Oleh: Deni Wijaya

Kita seringkali terlena dalam rutinitas, menganggap remeh keseimbangan alam, dan lupa bahwa di balik ketenangan tersimpan kekuatan dahsyat yang tak terduga.

Kisah Aceh, Sumatera, dan bahkan kampung halaman kita sendiri, Prabumulih, adalah pengingat yang tak ternilai harganya.

Iklan

Tsunami Aceh 2004 adalah tragedi kemanusiaan yang mengguncang dunia. Lebih dari sekadar bencana alam, tsunami adalah pelajaran tentang kerentanan manusia di hadapan kekuatan alam yang tak terkendali.

Bantuan dari berbagai penjuru dunia mengalir deras, menunjukkan solidaritas global dan harapan untuk bangkit kembali.
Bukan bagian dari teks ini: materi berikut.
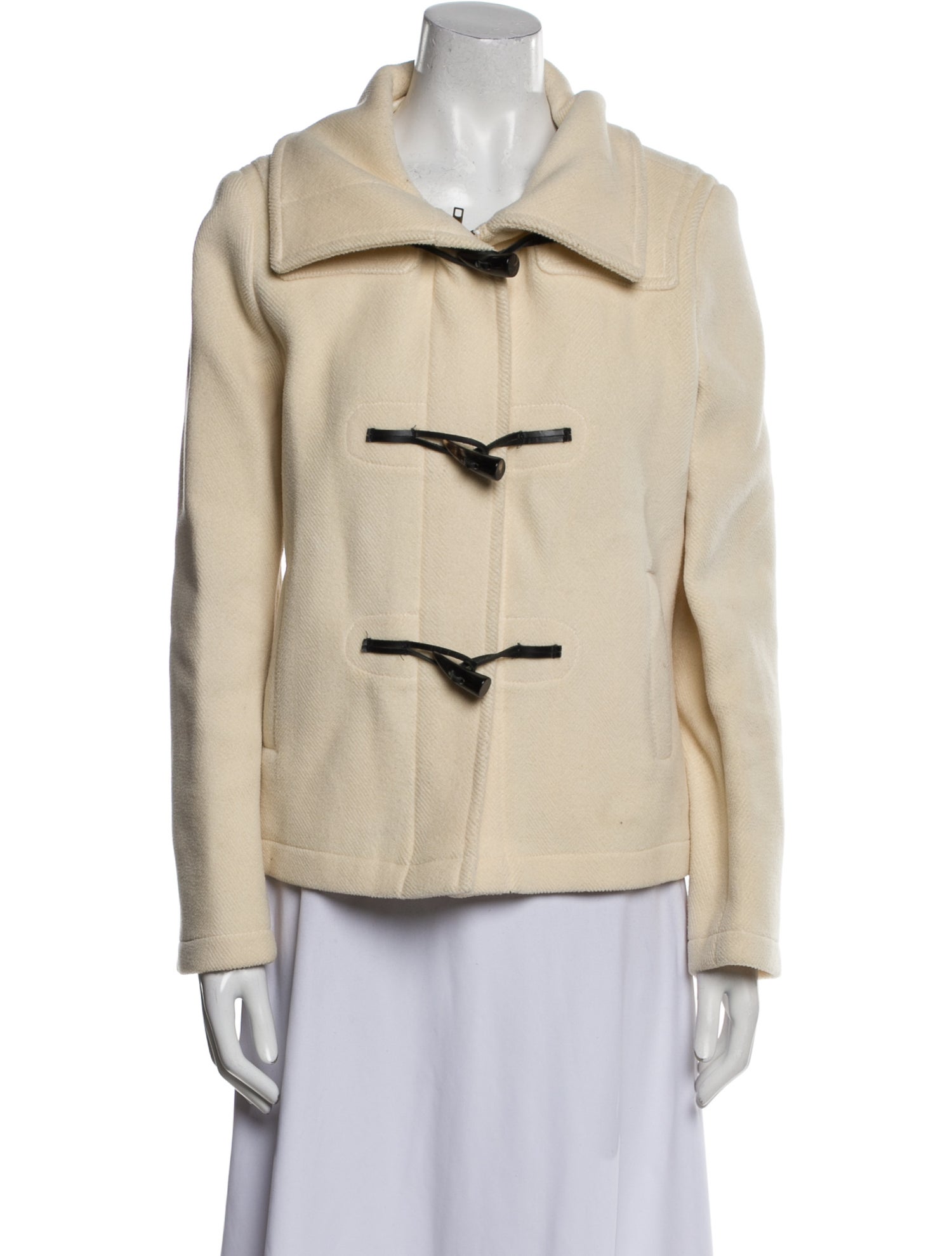 Burberry London Wool Fur Jacket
Namun, di balik puing-puing dan air mata, ada pertanyaan mendasar: sudahkah kita belajar dari luka Aceh?

Banjir bandang yang melanda Sumatera Barat dan Sumatera Utara baru-baru ini adalah alarm lain yang berdering kencang.

Alam seolah “berbicara” dengan caranya sendiri, mengingatkan kita tentang pentingnya menjaga keseimbangan ekosistem, mencegah deforestasi, dan mengelola sumber daya alam secara berkelanjutan.

Kerusakan yang ditimbulkan adalah cermin dari kelalaian kita sendiri.

Di tengah duka Sumatera, kampung halaman kita, Prabumulih, juga menyimpan cerita pilu.

Ambruknya jembatan penghubung di Kelurahan Muara Dua bukan sekadar masalah infrastruktur, tetapi juga simbol dari kerapuhan yang mungkin ada dalam sistem kita.

Anak-anak sekolah yang terpaksa memutar jalan adalah potret dari tantangan yang harus kita hadapi bersama.

Banjir di beberapa wilayah Prabumulih juga menambah daftar panjang masalah yang perlu segera diatasi.

Bencana alam seringkali dipandang sebagai ujian atau peringatan dari Sang Pencipta. Dalam konteks ini, kita perlu merenungkan.

Apakah kita mampu menunjukkan ketangguhan, solidaritas, dan kepedulian terhadap sesama di saat-saat sulit.

Apakah kita sudah cukup bijak dalam mengelola alam, menjaga lingkungan, dan membangun infrastruktur yang berkelanjutan?

Kita tidak bisa mengendalikan kekuatan alam sepenuhnya, tetapi kita bisa belajar untuk bersahabat dengannya. Ini berarti: Meningkatkan kesiapsiagaan, membangun sistem peringatan dini yang efektif, dan merencanakan tata ruang yang aman.

Mengembangkan teknologi dan strategi untuk beradaptasi dengan perubahan iklim dan ancaman bencana. Menjaga hutan, lahan basah, dan ekosistem penting lainnya yang berfungsi sebagai penyangga alami terhadap bencana.

Kisah Aceh, Sumatera, dan Prabumulih adalah panggilan untuk bertindak. Mari kita jadikan setiap bencana sebagai momentum untuk: Meningkatkan kesadaran, memperkuat solidaritas, dan mewujudkan pembangunan berkelanjutan.

Alam adalah guru terbaik kita. Mari kita dengarkan “suara”-nya, belajar dari setiap pelajaran yang diberikan, dan bertindak dengan bijak demi masa depan yang lebih baik.